Date ± Days Calculator
Add or subtract a number of days from any date to find the resulting date and the day of the week.
- Day
- Wednesday, January 31, 2024
What the Add or Subtract Days Calculator Does
This calculator takes a starting date and a number of days, then returns the resulting calendar date and its weekday. Choose to add days (move forward in time) or subtract days (move backward), and the tool counts every calendar day in between, including weekends and holidays.
It is useful for anyone working with deadlines or waiting periods: project managers tracking a 90-day milestone, freelancers calculating a net-30 invoice due date, students counting days until an exam, or anyone tracking a shipping window, warranty period, or return cutoff.
How It Works: The Formula
The math is simple addition or subtraction on a date value. Written out:
The key detail is that the calculator uses calendar days, not business days. It automatically handles month lengths (28, 29, 30, or 31 days), rolls over into the next or previous month and year as needed, and accounts for leap years (February 29 in years divisible by 4, except centuries not divisible by 400).
Once the result date is found, the weekday is determined by counting the day-of-week offset from the start date, since exactly 7 days returns the same weekday.
- Add: Result Date = Start Date + Number of Days
- Subtract: Result Date = Start Date - Number of Days
Worked Example
Suppose you issue an invoice on March 15, 2026 with net-45 payment terms, and you want the due date.
Start with March 15. March has 31 days, so 31 - 15 = 16 days remain in March. Subtract those from 45 to leave 29 days. April has 30 days, so after stepping through all of April you have used 16 + 30 = 46 days, which overshoots. Instead, after consuming the 16 remaining March days you land on March 31, then add the leftover 29 days into April: March 31 + 29 days = April 29, 2026.
The calculator returns April 29, 2026, which falls on a Wednesday. Doing this by hand is error-prone, especially across month and year boundaries, which is exactly what the tool removes.
Calendar Days vs. Business Days
The most common mistake is assuming the result skips weekends or holidays. This calculator counts calendar days, so a 10-day result spans two weekends and includes them in the total.
If your contract or deadline is measured in business days (working days), this tool is not the right fit on its own, because business-day counts exclude Saturdays, Sundays, and public holidays. Always check the wording of your agreement before relying on a date.

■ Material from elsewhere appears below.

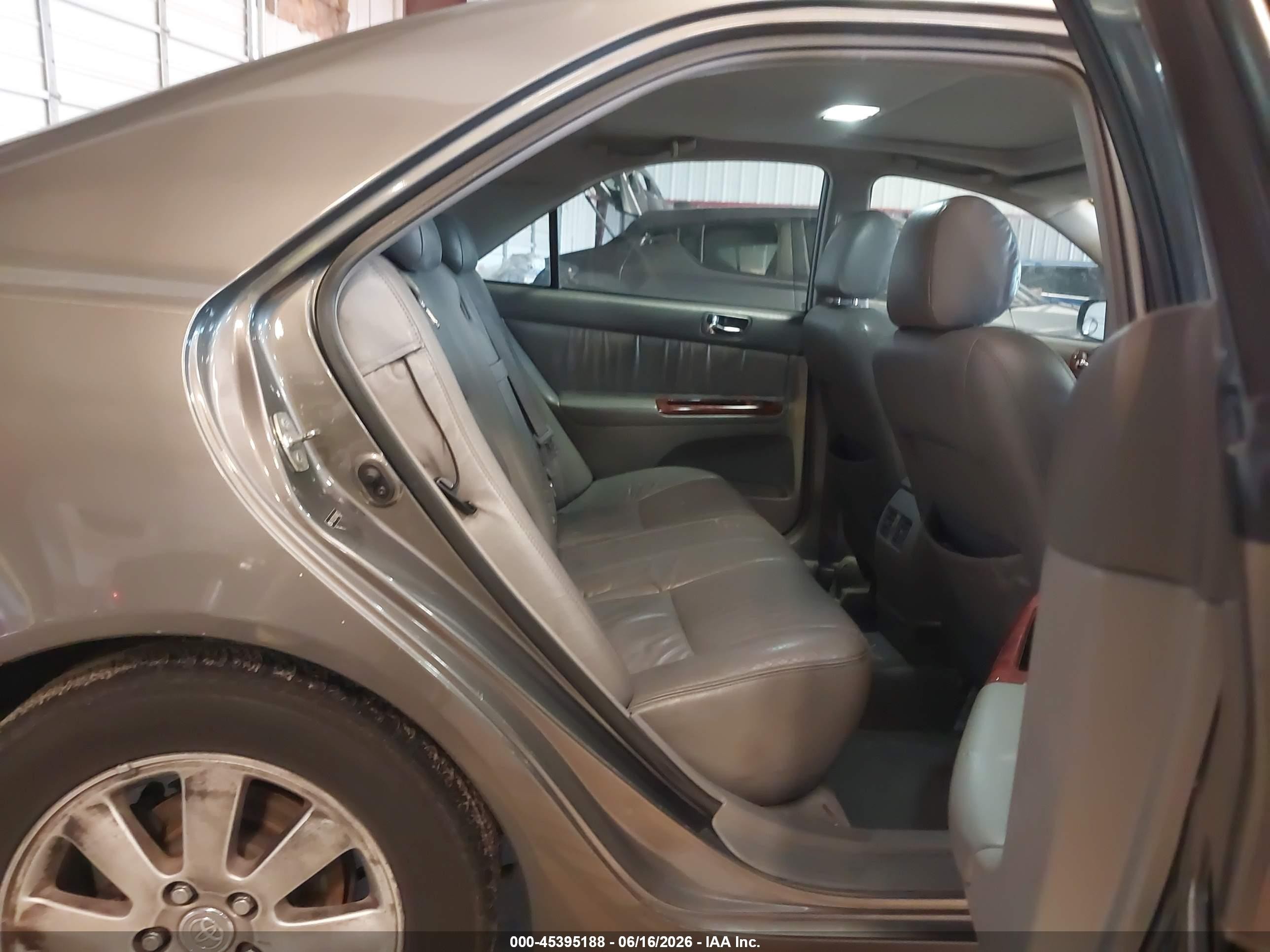 2004 Toyota Camry Xle Gray vin: 4T1BE32K74U880733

Tips and Factors That Affect the Result
A few details change the outcome more than people expect. Keep these in mind when you enter your numbers:
- Inclusive vs. exclusive counting: decide whether the start date counts as day 0 or day 1. Net-30 usually means 30 days after the invoice date (start date excluded).

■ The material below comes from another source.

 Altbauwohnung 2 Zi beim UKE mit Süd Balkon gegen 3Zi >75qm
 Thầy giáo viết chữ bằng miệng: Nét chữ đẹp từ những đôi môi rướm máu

- Leap years: adding 365 days from a date before February 29 in a leap year lands one day earlier than you might expect.
- Direction matters: subtracting days moves into the previous month or year, where shorter months can shift the result.
- Time zones: this tool works on calendar dates only, so it does not account for time-of-day or time-zone shifts.
- Double-check edge dates like the 31st or end of February, where month-length rollover most often causes hand-calculation errors.